_Web page caption snippets_
※ ※ ※

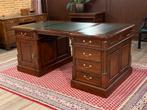 Klassiek Engels bureau (partnerdesk) #542, Huis en Inrichting, Ophalen of Verzenden, Zo goed als nieuw, Bureau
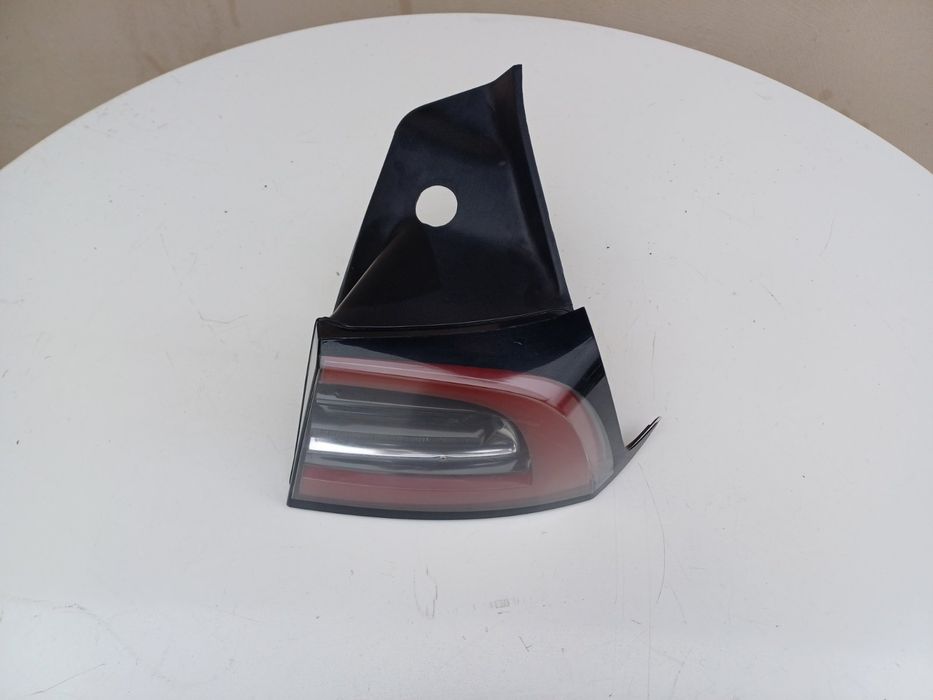 Стоп за Tesla model 3;  2017г.-2023г.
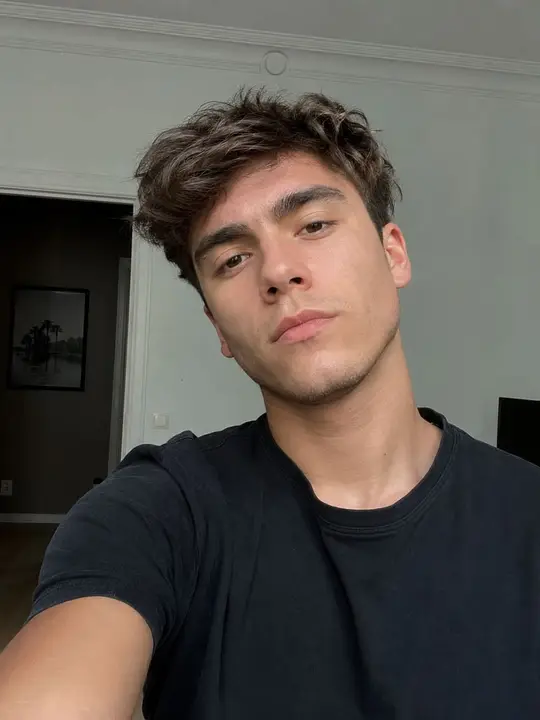 Before: the original selfie used for the Bodyguards AI prank example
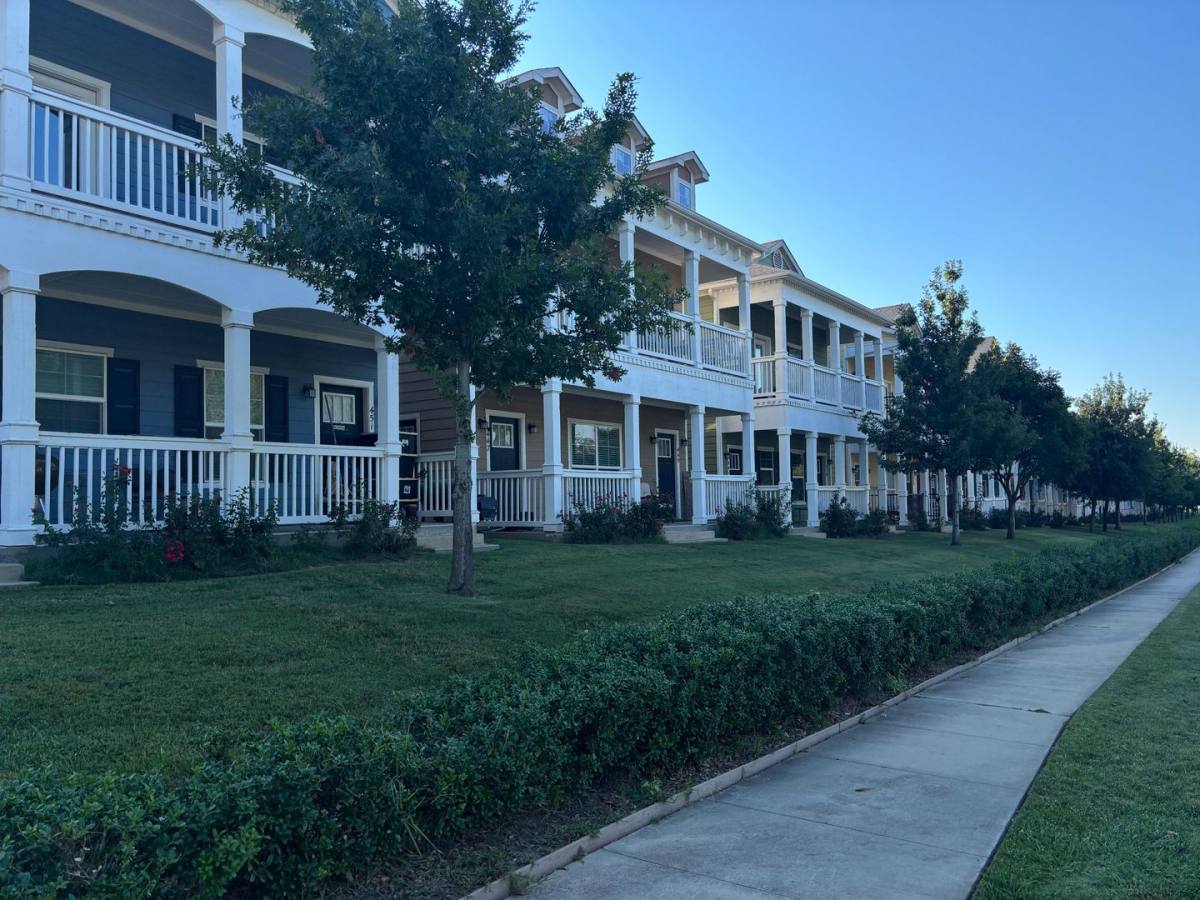 Townhouse for rent at 301 N Woods St, Sherman, TX 75092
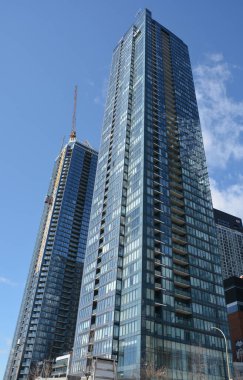 MONTREAL QUEBEC CANADA - 04 16 2020: Tour des Canadian ens 2 (2019) ve 3 (yapım aşamasında) apartman dairesi gökdelenleri kompleksi. Montreal şehir merkezindeki Bell Center 'ın yanında yer almaktadır. 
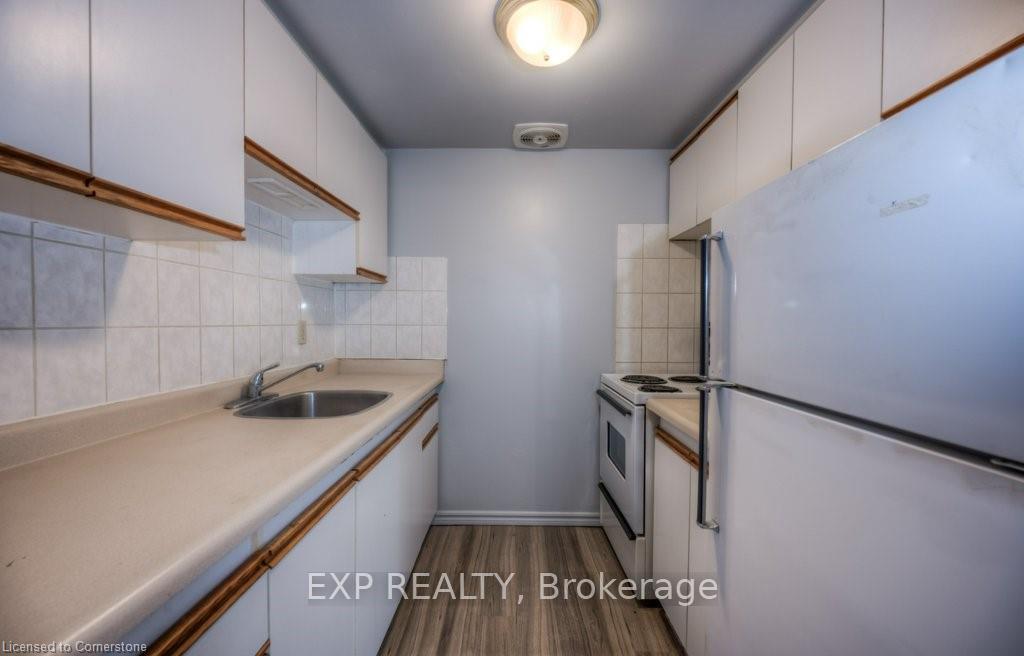 Photo 7 of Unit 40, 1200 Courtland Avenue E, Kitchener — HOMEH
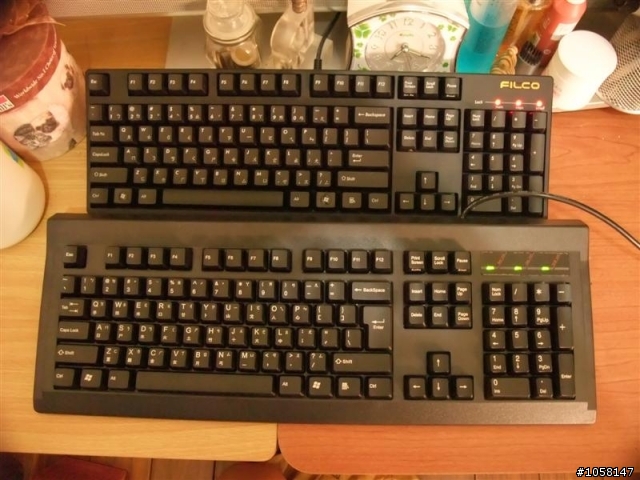 【雅】Filco(黑軸) V.S Datacomp(茶軸) 趣味評比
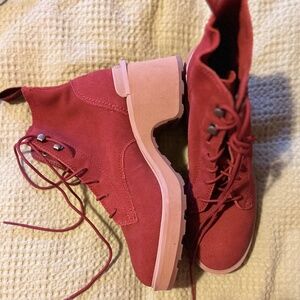 Sorrel waterproof boots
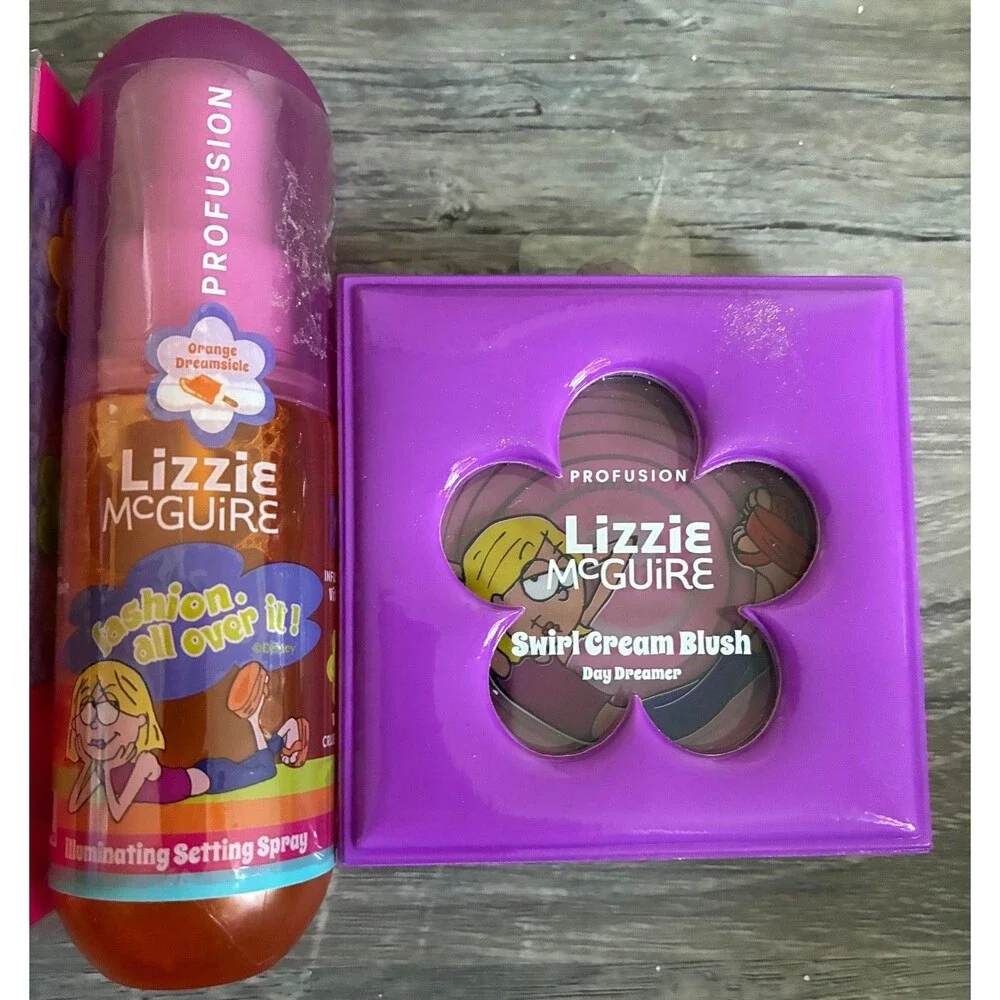 Profusion Lizzie McGuire Makeup Set Blush Powder Setting Spray 3 Piece New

※ ※ ※

_Problem details_
No pictures belong in the copy; output every record exactly.

_Result of the task_
 Klassiek Engels bureau (partnerdesk) #542, Huis en Inrichting, Ophalen of Verzenden, Zo goed als nieuw, Bureau
 Стоп за Tesla model 3;  2017г.-2023г.
 Before: the original selfie used for the Bodyguards AI prank example
 Townhouse for rent at 301 N Woods St, Sherman, TX 75092
 MONTREAL QUEBEC CANADA - 04 16 2020: Tour des Canadian ens 2 (2019) ve 3 (yapım aşamasında) apartman dairesi gökdelenleri kompleksi. Montreal şehir merkezindeki Bell Center 'ın yanında yer almaktadır. 
 Photo 7 of Unit 40, 1200 Courtland Avenue E, Kitchener — HOMEH
 【雅】Filco(黑軸) V.S Datacomp(茶軸) 趣味評比
 Sorrel waterproof boots
 Profusion Lizzie McGuire Makeup Set Blush Powder Setting Spray 3 Piece New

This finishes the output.